Sean Bateman (James Van Der Beek) is the atypical student on campus who is not only from a working-class family but is the younger brother of the psycho from Ellis’s other novel, “American Psycho.” He is blessed with rugged good looks, but he’s also a vampire-like student drug dealer, an habitual drug user and boozer, and an unfeeling campus sex symbol who owes the townie drug dealer, Rupert (Collins Jr.), a lot of dough from their deals that he doesn’t have and his life is made miserable by the dealer’s violent threats. Lauren Hynde (Shannyn Sossamon) is the freshman virgin co-ed whom Sean has fallen in love with, mistakenly thinking she is sending him love notes. But she’s in love with the wealthy and snobbish drama student Victor (Kip Pardue), who is vacationing in Europe. When Victor returns from Europe and fails to acknowledge her, she declares “that no one can ever know someone else” and she gets drunk planning to lose her virginity to a chatty NYU film student attending the party. Instead she awakens from her slumber to find an unknown townie screwing her and the film student filming it on his videocam, and to add to the rotten experience the townie vomits all over her. Lara Holleran (Jessica Biel) is Lauren’s sexpot bitchy blonde roommate, who loves her cocaine and luring men to have sex with her. She seizes the moment of opportunity and snags Sean for a round of sex, as she enjoys flaunting her conquest. But Sean is too bored to even enjoy the sex, as he starts thinking about his love for Lauren when in the act with Lara. When Lauren walks in on them, she ices Sean by telling him she wants no part of him. Into this odd campus mixture is thrown Paul Denton (Ian Somerhalder), who is bisexual; that is, he once went out with Lauren but couldn’t get it up. He realizes that he’s gay and that he’s madly attracted to Sean, who only uses him to borrow CD’s and smoke his pot. But Paul elicits no sympathy as a good guy, as he shows he doesn’t care much for anyone but himself. He reluctantly helps out a fellow gay student who overdoses on drugs, yet doesn’t really care about him. And, he tries to hit on a straight male even when he’s rebuffed. Paul, like everyone else in the story, is only thinking about Number One.

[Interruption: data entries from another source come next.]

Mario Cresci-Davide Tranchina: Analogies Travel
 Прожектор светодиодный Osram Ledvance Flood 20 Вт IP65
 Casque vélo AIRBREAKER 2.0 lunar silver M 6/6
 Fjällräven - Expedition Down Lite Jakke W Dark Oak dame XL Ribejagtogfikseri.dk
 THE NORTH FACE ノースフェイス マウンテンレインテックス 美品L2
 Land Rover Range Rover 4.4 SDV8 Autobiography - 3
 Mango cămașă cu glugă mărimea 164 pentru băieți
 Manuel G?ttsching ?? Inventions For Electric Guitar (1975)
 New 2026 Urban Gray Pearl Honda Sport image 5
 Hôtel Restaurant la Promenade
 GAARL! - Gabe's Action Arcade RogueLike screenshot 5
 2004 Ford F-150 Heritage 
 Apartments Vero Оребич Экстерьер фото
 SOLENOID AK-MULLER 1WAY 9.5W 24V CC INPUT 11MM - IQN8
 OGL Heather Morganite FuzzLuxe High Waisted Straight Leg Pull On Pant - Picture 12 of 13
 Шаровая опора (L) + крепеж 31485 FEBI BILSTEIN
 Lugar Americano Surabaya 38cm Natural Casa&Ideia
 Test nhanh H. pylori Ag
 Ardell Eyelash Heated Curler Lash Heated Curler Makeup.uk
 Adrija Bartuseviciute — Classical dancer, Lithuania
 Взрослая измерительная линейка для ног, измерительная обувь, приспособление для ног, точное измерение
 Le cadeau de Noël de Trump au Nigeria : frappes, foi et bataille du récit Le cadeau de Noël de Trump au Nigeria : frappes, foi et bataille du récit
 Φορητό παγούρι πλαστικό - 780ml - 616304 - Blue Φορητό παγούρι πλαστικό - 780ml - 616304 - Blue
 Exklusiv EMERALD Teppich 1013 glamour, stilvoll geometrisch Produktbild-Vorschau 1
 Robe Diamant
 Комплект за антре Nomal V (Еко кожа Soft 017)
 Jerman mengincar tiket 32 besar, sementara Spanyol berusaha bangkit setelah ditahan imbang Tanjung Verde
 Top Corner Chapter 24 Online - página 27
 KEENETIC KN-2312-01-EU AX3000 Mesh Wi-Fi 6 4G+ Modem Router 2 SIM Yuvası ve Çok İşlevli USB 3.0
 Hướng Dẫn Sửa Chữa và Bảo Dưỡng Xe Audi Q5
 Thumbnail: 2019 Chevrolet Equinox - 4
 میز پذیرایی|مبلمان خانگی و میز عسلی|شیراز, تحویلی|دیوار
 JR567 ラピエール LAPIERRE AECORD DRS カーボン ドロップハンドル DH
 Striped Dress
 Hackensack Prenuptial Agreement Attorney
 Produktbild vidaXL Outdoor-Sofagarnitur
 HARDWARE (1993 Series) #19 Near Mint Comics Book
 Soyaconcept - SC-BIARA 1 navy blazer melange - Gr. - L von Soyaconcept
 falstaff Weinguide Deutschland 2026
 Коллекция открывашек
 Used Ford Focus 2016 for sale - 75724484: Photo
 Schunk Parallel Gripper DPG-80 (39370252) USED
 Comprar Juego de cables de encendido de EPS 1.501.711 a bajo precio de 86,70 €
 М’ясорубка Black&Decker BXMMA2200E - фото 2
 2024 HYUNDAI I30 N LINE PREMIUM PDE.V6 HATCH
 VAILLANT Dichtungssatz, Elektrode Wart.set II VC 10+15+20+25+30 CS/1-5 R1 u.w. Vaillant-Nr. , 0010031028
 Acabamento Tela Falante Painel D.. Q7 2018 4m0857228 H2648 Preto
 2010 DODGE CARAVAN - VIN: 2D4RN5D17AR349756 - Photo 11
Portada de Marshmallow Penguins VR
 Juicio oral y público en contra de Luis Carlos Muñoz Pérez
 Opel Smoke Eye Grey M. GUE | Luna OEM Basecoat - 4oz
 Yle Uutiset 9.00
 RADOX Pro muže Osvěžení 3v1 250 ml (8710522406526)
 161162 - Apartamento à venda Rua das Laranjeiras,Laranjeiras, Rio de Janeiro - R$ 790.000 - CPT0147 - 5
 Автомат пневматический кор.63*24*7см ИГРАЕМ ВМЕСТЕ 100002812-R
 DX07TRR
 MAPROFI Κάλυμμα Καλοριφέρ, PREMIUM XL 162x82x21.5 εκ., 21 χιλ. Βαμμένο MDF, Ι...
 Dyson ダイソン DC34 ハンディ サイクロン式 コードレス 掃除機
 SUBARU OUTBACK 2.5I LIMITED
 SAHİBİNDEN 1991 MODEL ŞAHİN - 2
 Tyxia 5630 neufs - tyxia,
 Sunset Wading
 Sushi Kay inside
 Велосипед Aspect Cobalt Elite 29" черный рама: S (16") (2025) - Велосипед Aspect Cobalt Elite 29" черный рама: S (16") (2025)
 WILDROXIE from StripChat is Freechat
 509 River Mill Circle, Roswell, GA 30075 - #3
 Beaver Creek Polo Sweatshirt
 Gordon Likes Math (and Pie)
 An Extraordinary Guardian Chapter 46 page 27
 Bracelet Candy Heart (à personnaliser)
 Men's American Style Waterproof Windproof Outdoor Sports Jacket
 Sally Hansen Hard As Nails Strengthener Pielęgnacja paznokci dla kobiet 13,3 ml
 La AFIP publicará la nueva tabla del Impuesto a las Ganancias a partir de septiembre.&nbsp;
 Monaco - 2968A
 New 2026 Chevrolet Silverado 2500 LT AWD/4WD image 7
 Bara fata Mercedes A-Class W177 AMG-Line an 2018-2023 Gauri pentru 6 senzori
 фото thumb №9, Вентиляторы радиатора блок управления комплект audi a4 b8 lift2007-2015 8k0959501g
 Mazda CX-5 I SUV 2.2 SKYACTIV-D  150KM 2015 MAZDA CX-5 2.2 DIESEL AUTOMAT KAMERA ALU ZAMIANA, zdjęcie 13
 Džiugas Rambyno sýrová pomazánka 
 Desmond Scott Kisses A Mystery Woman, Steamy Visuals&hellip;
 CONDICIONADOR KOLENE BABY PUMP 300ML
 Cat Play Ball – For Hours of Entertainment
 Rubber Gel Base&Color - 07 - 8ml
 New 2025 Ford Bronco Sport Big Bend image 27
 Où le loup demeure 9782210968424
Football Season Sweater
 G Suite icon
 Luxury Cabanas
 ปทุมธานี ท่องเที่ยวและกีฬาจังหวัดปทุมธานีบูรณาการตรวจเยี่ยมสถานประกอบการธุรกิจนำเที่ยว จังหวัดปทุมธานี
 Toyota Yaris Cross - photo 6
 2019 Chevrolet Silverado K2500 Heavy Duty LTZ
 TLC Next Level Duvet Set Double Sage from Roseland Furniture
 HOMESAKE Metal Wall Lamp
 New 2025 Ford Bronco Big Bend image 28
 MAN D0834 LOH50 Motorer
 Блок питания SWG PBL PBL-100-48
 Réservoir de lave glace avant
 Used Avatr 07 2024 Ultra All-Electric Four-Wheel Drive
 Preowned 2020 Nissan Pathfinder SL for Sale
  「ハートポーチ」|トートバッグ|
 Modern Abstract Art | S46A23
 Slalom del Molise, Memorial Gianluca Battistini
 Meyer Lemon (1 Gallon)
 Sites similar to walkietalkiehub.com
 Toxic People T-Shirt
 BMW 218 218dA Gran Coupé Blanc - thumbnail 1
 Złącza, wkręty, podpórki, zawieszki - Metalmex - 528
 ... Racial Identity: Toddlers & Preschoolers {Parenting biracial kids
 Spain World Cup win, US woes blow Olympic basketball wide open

The film has the dizzying effect of having the action flow in reverse, and it then crosses backward and forward in time by ignoring any logical order until it concludes by coming back to the opening scene at the party. The filmmaker has Lauren and the film student walking backward out of the bedroom and into the party during that opening scene. The story then goes into flashback and picks up with someone pining out loud that his “life lacks forward momentum.” The stories that follow then try to shock, but instead act as a turn off to getting involved with these brats. The students had zero personalities and just seemed like spoiled children of the privileged, who are venting over nothing at all and in the process sound so shrill and empty. It was hard to warm up to anyone, but I believe the rich can always attract interest because many in America dream what it must be like not to have money troubles and live out such an affluent lifestyle.

The film came together in one brilliant scene, where the vacuous Victor recaptures his travels through Europe by reading his postcards sent home which are visualized and given a voiceover treatment telling about his whirlwind travels to all the common European spots of interest, his superficial sightseeing tours, his unfeeling relationships and a series of casual sex adventures, as he conveys how empty he is and how lacking in spirit is his life. That brief scene imaginatively captured in total what the remainder of the film had so much difficulty saying about all the characters, and as far as I’m concerned gave the film the edge it otherwise couldn’t register without being repulsive.